Which brings us to Máscaras’ new five-song EP, El Morán. Let’s get right to the point: The band’s glorious, chaotic energy still courses through these tunes. The recording process took a lot longer than Máscara vs. Máscara, largely because Fimbres moved to Germany for a year after tracking the drums. But those circumstances sucked none of the joy, spunk, or attitude from Máscaras’ music.

As for the songs, they feel more fully formed than those on the debut. The title track kicks things off, and it’s a prickly beast built atop earth-moving bass, with Máscaras pumping new life into the quiet-loud-quiet dynamic before Segovia shoots off to a different planet, one where they breathe reverb rather than oxygen.

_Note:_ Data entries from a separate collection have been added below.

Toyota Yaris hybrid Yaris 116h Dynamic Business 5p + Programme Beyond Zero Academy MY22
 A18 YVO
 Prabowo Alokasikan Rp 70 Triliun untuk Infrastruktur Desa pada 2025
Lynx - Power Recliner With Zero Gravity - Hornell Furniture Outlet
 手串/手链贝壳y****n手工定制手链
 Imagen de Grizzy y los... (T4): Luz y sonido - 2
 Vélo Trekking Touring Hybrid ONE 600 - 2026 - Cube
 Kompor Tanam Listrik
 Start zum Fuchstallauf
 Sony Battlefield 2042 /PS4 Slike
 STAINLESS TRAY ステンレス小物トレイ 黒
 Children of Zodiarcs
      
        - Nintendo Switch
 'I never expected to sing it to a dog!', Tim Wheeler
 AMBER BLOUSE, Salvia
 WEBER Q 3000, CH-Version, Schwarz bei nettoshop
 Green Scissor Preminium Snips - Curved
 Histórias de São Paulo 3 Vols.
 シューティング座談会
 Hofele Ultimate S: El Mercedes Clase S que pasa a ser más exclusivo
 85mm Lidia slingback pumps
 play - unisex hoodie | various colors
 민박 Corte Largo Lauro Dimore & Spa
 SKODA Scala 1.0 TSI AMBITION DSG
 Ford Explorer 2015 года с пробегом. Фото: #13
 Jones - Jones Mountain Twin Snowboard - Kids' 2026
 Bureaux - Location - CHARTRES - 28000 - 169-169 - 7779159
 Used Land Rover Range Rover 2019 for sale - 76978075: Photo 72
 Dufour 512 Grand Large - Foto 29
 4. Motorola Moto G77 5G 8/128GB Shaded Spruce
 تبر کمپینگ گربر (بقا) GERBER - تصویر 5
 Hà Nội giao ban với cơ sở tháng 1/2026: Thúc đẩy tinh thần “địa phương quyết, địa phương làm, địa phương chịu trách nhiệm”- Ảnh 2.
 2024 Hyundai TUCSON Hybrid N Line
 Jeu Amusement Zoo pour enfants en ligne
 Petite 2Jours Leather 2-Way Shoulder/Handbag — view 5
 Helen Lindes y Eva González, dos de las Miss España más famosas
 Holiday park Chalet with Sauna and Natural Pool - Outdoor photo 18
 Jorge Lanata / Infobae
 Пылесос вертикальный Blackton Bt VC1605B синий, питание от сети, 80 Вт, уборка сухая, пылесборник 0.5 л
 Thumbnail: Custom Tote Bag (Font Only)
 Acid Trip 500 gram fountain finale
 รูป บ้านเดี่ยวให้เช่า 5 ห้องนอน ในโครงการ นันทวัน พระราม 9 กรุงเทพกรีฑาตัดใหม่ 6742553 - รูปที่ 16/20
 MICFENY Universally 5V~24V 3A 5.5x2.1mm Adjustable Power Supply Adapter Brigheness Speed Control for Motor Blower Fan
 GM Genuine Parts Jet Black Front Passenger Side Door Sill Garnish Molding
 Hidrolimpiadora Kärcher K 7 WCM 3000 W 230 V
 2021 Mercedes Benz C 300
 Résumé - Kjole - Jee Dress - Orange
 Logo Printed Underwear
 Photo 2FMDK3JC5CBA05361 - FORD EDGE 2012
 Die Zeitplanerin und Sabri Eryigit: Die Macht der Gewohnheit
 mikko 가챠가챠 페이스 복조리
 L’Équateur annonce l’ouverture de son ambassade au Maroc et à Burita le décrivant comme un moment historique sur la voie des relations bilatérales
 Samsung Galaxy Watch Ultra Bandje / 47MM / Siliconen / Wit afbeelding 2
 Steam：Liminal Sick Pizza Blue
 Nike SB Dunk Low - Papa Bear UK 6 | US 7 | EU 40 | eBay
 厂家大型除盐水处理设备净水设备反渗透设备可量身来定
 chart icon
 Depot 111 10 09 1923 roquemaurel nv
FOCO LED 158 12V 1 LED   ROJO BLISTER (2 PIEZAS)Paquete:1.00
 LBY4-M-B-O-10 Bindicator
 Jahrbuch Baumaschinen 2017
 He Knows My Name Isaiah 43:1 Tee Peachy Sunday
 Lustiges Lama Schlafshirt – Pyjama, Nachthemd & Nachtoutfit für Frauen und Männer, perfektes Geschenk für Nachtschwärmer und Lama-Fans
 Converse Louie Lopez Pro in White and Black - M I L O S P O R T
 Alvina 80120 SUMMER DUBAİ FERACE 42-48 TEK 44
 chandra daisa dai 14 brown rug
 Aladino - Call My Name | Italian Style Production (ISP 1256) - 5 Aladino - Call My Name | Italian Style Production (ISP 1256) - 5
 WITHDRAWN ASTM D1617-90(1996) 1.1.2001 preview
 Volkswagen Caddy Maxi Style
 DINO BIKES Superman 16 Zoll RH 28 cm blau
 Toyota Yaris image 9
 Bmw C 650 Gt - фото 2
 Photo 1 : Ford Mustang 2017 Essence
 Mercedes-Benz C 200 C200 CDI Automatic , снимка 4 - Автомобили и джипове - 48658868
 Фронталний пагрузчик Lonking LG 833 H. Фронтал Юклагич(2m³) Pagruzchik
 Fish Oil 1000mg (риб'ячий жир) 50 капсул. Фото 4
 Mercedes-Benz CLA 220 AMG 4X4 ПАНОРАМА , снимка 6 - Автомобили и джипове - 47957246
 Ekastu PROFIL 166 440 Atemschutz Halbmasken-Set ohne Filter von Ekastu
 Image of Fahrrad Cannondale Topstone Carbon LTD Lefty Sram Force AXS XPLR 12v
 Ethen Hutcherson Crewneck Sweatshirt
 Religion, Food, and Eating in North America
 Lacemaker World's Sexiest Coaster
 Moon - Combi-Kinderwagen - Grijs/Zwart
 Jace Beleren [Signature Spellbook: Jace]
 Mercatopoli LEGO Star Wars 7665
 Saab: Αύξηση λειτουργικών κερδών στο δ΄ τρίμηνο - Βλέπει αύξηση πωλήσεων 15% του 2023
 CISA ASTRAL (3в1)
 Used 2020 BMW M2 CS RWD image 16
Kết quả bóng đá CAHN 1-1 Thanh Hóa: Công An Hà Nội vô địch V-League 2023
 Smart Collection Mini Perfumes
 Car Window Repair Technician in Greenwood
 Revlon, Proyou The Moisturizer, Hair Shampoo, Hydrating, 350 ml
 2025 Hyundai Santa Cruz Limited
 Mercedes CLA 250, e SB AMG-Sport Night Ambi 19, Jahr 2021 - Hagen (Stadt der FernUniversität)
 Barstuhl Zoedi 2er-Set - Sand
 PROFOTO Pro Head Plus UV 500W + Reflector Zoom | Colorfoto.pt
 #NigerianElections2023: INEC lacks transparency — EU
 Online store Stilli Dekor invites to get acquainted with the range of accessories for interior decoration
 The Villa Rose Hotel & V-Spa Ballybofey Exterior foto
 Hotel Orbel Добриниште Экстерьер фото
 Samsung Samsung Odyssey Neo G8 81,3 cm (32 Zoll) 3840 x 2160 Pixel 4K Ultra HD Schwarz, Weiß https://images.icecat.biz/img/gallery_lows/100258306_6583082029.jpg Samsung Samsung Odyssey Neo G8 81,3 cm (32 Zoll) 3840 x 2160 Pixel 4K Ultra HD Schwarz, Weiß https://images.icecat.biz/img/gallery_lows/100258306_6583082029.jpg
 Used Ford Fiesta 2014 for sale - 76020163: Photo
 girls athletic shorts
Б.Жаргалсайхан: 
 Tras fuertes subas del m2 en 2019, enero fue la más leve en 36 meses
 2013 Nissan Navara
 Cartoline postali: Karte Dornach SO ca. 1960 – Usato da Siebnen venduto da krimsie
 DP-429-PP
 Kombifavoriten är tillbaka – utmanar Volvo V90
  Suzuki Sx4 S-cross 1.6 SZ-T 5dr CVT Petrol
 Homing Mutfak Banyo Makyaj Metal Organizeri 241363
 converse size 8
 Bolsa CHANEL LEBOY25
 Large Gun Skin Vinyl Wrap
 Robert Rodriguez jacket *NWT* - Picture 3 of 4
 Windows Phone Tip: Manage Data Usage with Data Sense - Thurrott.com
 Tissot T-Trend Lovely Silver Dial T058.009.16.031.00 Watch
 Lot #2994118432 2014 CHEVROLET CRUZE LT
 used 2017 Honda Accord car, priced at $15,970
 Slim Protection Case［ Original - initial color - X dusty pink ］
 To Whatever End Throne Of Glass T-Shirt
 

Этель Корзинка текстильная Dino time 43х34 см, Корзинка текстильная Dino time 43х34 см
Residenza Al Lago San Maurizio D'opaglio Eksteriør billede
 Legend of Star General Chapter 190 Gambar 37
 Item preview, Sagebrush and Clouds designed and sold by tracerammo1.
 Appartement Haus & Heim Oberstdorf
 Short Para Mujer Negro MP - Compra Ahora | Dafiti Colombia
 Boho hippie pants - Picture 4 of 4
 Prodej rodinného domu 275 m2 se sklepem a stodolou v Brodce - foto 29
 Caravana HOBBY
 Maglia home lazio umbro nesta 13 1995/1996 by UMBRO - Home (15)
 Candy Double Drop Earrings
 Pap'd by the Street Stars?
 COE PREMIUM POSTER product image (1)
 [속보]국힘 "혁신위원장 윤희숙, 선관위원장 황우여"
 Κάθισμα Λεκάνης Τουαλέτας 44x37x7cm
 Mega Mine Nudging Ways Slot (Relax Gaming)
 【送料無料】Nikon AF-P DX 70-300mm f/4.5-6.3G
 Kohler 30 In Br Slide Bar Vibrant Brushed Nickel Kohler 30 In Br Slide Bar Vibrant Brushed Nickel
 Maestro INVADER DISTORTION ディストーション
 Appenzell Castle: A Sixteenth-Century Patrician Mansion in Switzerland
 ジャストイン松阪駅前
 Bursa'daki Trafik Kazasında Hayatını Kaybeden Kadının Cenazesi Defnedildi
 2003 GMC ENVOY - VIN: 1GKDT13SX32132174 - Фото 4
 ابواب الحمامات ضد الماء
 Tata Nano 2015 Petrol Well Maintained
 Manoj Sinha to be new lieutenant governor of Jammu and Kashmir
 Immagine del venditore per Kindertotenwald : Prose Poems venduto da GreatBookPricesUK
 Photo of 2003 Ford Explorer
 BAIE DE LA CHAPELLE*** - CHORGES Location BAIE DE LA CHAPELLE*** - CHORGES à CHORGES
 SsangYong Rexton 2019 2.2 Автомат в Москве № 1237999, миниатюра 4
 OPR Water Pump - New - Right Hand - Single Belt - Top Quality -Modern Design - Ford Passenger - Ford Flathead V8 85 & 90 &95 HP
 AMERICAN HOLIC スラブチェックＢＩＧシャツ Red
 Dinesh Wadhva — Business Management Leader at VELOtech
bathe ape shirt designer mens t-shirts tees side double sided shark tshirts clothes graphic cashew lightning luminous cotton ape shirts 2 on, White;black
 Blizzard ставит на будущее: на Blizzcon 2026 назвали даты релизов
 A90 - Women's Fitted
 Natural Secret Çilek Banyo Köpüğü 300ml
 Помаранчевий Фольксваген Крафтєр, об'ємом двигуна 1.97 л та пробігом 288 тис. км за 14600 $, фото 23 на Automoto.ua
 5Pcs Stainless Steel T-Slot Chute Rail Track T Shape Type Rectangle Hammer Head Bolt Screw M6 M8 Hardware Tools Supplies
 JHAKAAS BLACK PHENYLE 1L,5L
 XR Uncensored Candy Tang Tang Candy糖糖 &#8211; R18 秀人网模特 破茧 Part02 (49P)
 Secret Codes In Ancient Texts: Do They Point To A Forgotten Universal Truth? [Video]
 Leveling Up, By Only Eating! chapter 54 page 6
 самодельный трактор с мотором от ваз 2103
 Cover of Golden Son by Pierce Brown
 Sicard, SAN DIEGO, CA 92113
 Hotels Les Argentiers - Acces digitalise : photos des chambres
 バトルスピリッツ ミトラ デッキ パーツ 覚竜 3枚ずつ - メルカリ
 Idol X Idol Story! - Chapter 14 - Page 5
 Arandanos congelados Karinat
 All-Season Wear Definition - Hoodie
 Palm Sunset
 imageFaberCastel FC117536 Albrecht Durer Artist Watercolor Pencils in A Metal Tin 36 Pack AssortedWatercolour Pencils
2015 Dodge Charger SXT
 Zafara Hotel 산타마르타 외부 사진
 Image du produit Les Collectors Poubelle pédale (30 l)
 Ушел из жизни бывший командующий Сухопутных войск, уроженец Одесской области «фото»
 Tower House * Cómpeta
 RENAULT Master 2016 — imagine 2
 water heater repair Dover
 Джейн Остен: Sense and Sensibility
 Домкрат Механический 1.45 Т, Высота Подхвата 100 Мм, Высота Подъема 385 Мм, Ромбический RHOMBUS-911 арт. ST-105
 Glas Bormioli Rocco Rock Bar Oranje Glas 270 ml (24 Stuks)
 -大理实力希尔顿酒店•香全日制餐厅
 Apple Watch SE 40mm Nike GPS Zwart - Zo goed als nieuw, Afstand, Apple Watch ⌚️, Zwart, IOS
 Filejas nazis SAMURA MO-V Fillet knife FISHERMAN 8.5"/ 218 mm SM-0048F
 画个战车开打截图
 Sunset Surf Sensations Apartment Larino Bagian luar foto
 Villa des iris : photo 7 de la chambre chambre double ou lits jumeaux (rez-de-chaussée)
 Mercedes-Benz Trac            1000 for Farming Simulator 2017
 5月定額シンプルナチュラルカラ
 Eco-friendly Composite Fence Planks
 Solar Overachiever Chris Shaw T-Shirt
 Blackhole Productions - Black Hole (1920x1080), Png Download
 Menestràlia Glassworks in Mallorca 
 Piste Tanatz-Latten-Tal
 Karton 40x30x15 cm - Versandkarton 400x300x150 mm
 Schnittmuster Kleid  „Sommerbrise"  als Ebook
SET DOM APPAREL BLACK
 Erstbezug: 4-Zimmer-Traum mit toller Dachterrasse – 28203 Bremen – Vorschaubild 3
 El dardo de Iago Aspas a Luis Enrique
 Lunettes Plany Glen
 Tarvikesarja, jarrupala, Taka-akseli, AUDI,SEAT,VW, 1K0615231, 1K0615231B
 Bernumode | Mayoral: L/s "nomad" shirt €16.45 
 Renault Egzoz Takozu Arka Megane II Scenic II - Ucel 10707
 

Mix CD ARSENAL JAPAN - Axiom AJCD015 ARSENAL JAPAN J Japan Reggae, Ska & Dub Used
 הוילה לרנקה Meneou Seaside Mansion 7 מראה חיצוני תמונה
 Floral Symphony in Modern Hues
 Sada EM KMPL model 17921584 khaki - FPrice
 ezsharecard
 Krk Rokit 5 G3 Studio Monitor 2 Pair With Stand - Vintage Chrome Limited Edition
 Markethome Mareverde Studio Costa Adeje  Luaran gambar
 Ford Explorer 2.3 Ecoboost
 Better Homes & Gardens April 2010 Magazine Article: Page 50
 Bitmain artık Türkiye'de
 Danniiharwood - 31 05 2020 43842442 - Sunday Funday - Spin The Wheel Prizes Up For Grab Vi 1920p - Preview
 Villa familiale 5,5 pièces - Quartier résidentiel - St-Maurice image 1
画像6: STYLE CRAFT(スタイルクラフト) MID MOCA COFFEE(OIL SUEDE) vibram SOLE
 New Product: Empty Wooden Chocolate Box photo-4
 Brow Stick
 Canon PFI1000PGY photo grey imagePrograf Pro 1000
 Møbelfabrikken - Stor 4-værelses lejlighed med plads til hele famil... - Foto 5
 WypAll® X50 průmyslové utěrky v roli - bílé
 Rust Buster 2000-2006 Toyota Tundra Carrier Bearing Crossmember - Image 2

“Kiksadi” showcases the band’s math-punk side, with Fimbres and Craig engaged in a frenetic wiggle until halfway through the song, when Segovia again cranks the psych-guitar up to 13. The organ that peeks in here and there is basically the greatest sound ever made.

The pedal-to-the-metal groove in “Habesha” is a tribute to Portland’s beloved (and defunct) Ethiopian lounge and punk club, while “Brainwaves” pairs heavy chug with the delicate flutter of a pan flute. “Blood Smoker” closes the EP with some surf-punk zigzag that sounds like Man or Astro-man? crashed their spaceship into a pool of pure Old Portland gutter sludge.

Five tracks. Five bracing blasts of awesome to soundtrack your summer. Thank the heavens for Máscaras.